And as each child grew and I added to my brood I discovered I held a fear inside me that was larger than the daily safety concerns I had been wrestling with. 

It was the fear of other mothers. Namely, judgment from other mothers.

I think it started off with some innocent enough Facebook articles… “The best way to discipline your kids” and “If you give these foods to your children you are a horrible mother.” Well something like that anyways.

Then I would be on a play date and I would imagine the other mom was judging me for how I disciplined (or didn’t), which snacks my kids ate, how long I had breastfed, bedtime routines, the list was endless. I created scenarios in my head about how all of these women were judging me even though they had not actually said a word. It was the words I heard them saying about others. The way they casually judged other mothers as if it was their job.

Gossip was not the word used here, it was assessing others parenting styles. It was expressing concern over the way someone else was doing something. It was inquiring about whether another mother was “ok.” It may not have been called gossip, but gossip it was. And it planted a seed of fear in me. If this was the way they talked about others, what would they say about me?

I imagined I would soon be the topic of discussion if I was not on the ball in every way in my parenting. And this fear grew worse through the media. 

I remember reading an article a few years ago in the wake of a few tragic accidents that happened back to back.
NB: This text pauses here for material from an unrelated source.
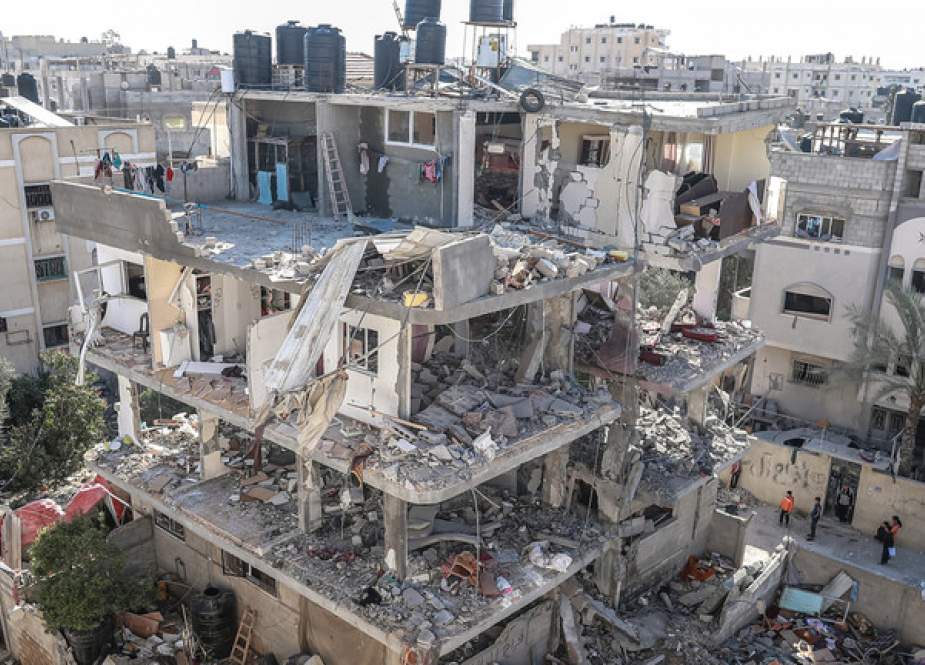 Palestinians inspect damage of a destroyed building in Rafah, Gaza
The author couldn’t believe how the public had turned and pointed fingers at the grieving parents. He shared a sentiment that I found especially sobering. It was along these lines, “As a culture we simply don’t allow for accidents anymore” we love to point a finger and lay blame. “She should have been doing this.” “He should have been more careful.”

As a result, the fear in my heart grew. If I was tidying something on the top floor of our home but my kids were in the basement I would suddenly feel a sense of panic that if they got hurt while out of my eyesight the headline would read “mother makes poor choice and children suffer the consequences.” 

The result of this “accidents are no longer acceptable” mentality is an entire society of mothers stressed beyond capacity to get everything right and keep everyone safe. Don’t even get me started on Pinterest perfect parties....

So I have a simple request for you. I’m asking that we offer grace instead of judgement. We just don’t know what someone else is walking through and I deeply believe every mother is doing her absolute best with what she’s been given and where she’s at. Her best could be better, yes, but she needs your love and support to get there, not your criticism.

I don’t walk around in this fear anymore. I have grown in confidence as a mom and with my decisions but I’d be lying if I said it didn’t bother me ever. I still have moments where I think, “What are they thinking about me?” “Did I make the wrong decision?” “Am I doing something wrong?”

And if you find yourself there mama, paralyzed by what others might be saying about you can I offer a bit of advice? There’s only one opinion that really matters. He sees you, He loves you, and He doesn’t offer words of condemnation. He gave you those kids and has given you everything you need to care for them. Lean into Him and let His voice wash over you where words of criticism (real or imagined) may have tried to get you down. 

Accidents will happen, mistakes will be made, and for all of those things there is grace.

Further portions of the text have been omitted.